• Your instructions: From the line that holds "Aliança de ouro 18 k" to the end of the records, reproduce every line exactly. No pictures.

+++ Material for this task

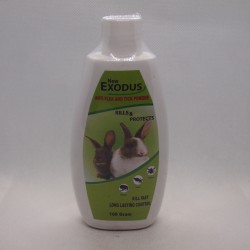 Bedak / Talk Powder Exodus Anti Flea Tick Rabbit 100 gram Original - Bedak Talc Anti Kutu Anak Kelinci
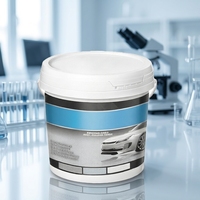 Vente directe usine – Revêtement liquide époxy auto-nivelant haute performance, effet marbre brillant, couleur sable, résistant à l'eau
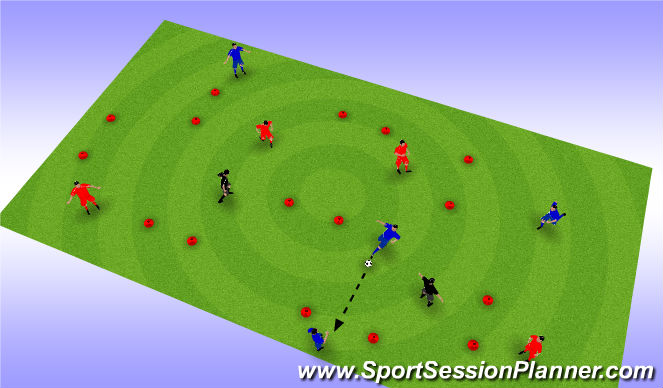 Football/Soccer Session Plan Drill (Colour): pase 3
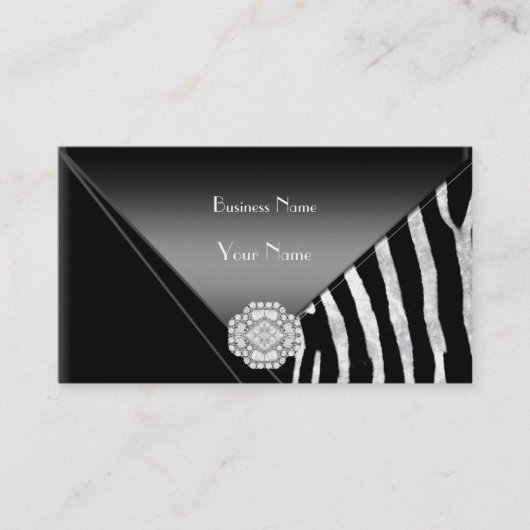 Carte de visite Elegant Black Diamond Jewel (Devant)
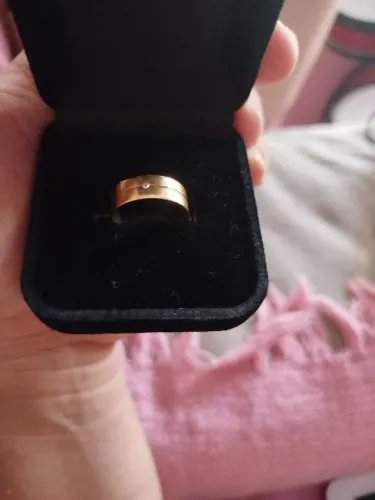 Aliança de ouro 18 k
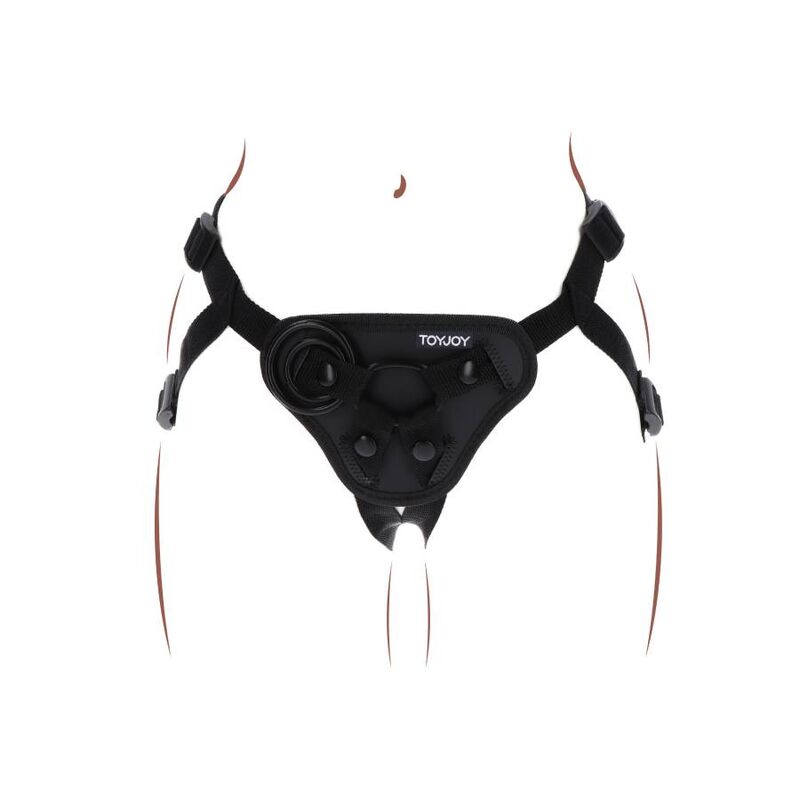 GET REAL - STRAP-ON HARNÉS NEGRO GET REAL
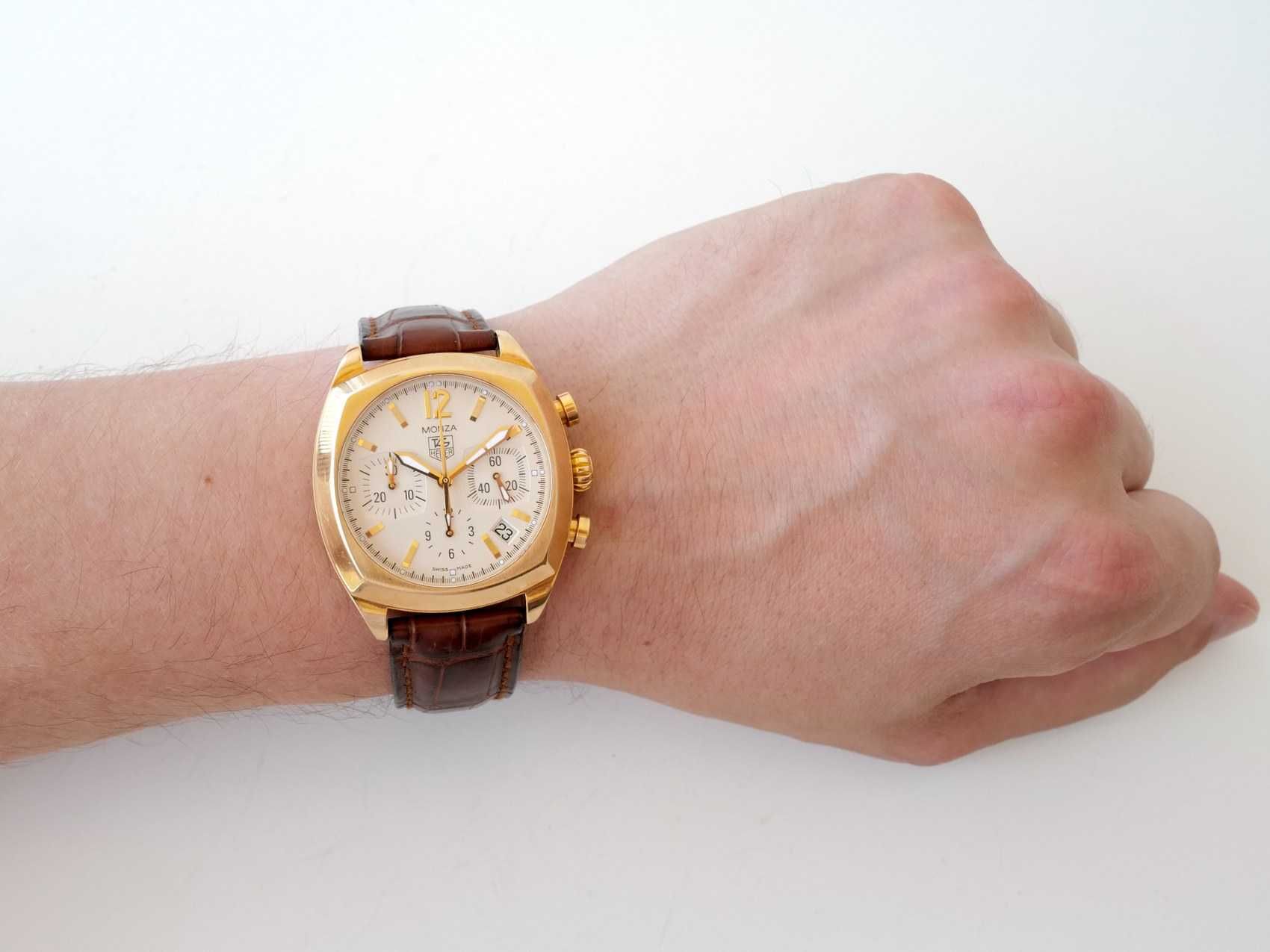 TAG Heuer Monza Chronograph 18K Yellow Gold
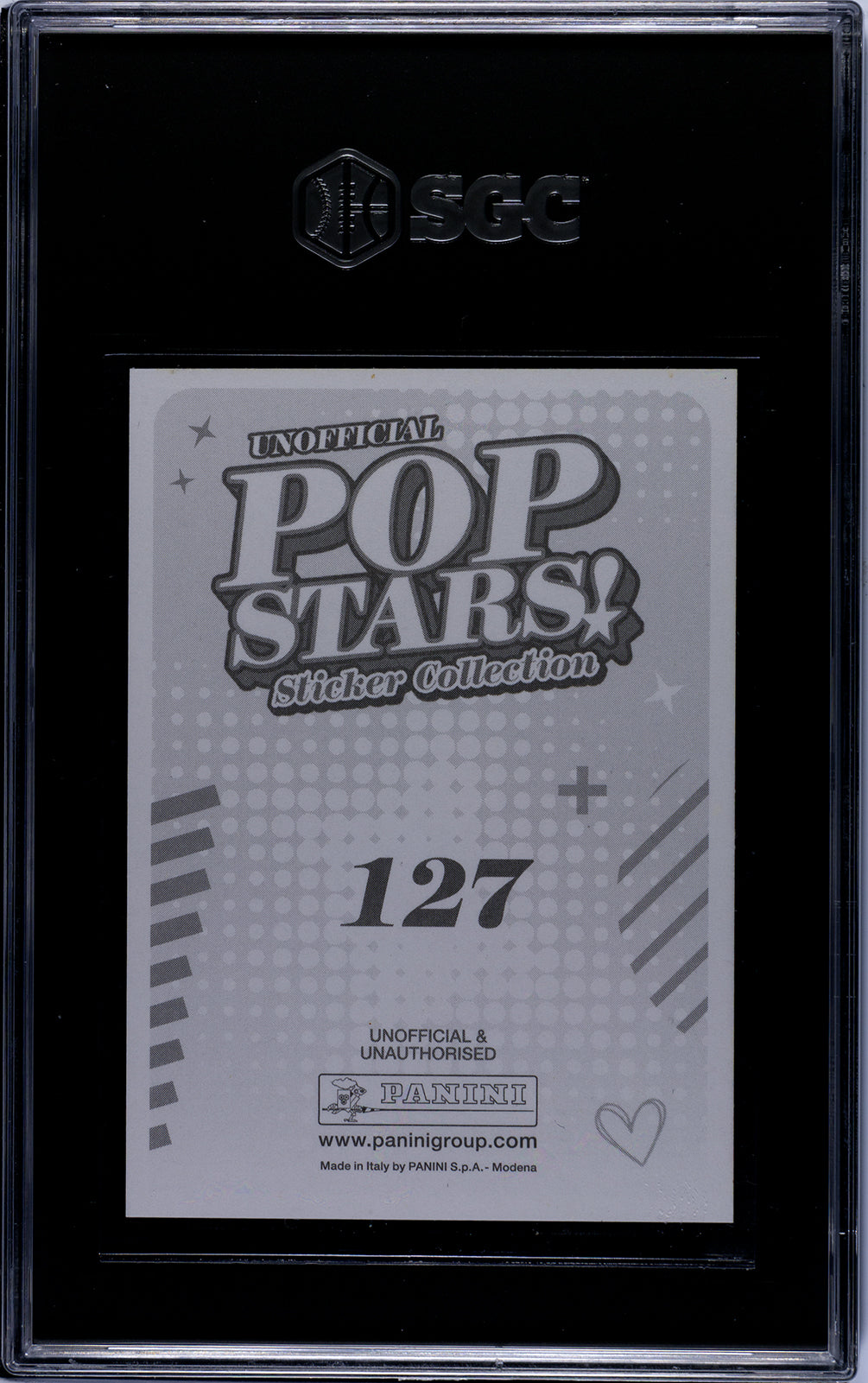 2025 Panini Pop Stars #127 Olivia Rodrigo (UK) SGC 10 Pop 1 (Music)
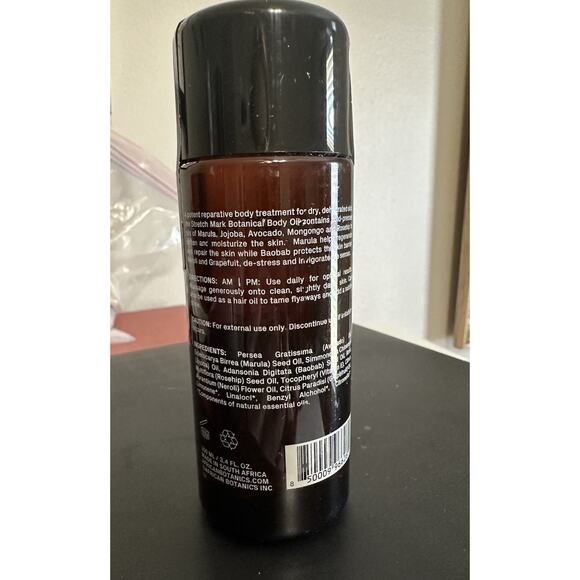 African Botanics Stretch Mark Botanical Body Oil 100ml SEALED / NEW - Picture 3 of 3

++++++

• Written reply:
 Aliança de ouro 18 k
 GET REAL - STRAP-ON HARNÉS NEGRO GET REAL
 TAG Heuer Monza Chronograph 18K Yellow Gold
 2025 Panini Pop Stars #127 Olivia Rodrigo (UK) SGC 10 Pop 1 (Music)
 African Botanics Stretch Mark Botanical Body Oil 100ml SEALED / NEW - Picture 3 of 3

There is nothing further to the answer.